A record 5.8 million dairy cattle were counted in the year ended June 2009, Statistics New Zealand said Tuesday - well more than one animal for each of the country's 4.3 million citizens.
In contrast, sheep numbers declined to some 32 million in 2009, less than half the peak of 70 million reported in 1982.
"Increased numbers in the milking herd have resulted in there being one milking cow for every New Zealander," farm statistics manager Gary Dunnet said. "In 2009, New Zealand had fewer than eight sheep per person."
The new figures are unlikely to do much to discourage the ribbing New Zealanders often get on the topic get when they travel abroad.
Australians in particular tease their near neighbors in the Pacific Ocean about the popularity of sheep in New Zealand, usually in jokes of questionable taste.
In the popular HBO series "Flight of the Conchords" about two New Zealand musicians living in New York, a tourism poster hangs in an office of the country's consulate showing a flock of sheep staring out and the slogan: New Zealand Ewe Should Come.

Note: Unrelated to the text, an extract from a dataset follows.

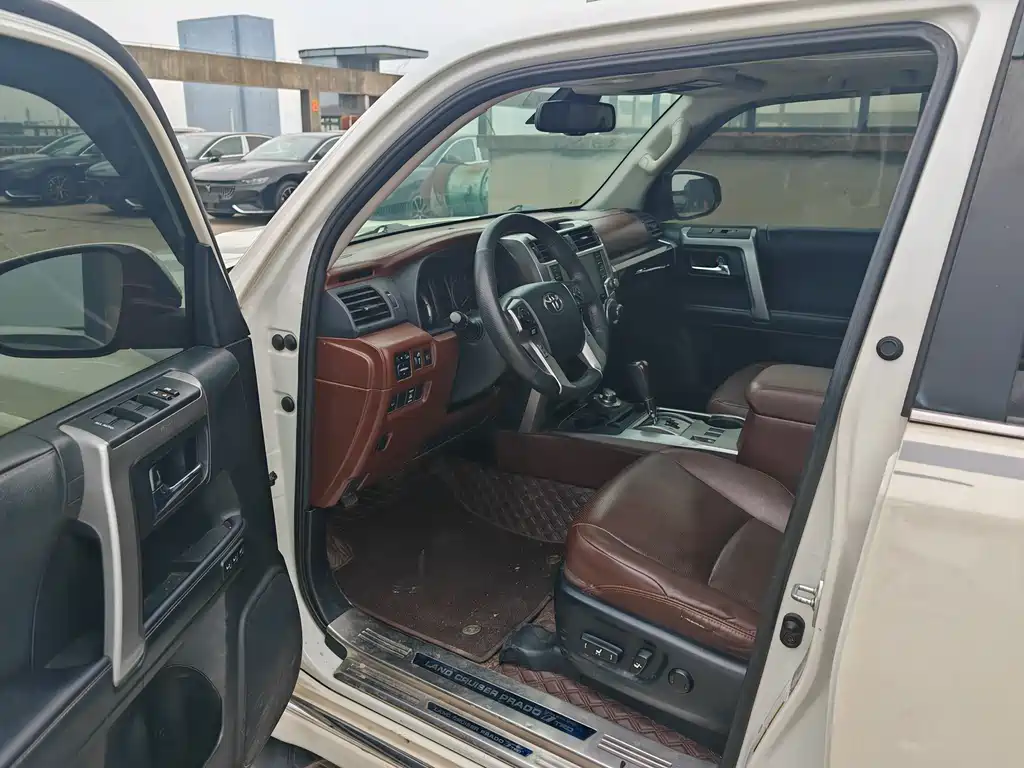 Toyota 4Runner 2020 4.0L AT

The 2006 movie "Black Sheep" made fun of the disparity in a dark comedy about genetically mutated sheep who turn on their owners on a New Zealand farm.
Statistics New Zealand said cow numbers last year were 4 percent higher than in 2008 and up 76 percent from 3.3 million in 1989.
The dairy herd's expansion was due to the conversion of sheep and other farms to the more lucrative dairy industry and to the growth in the number of milking cows in existing herds.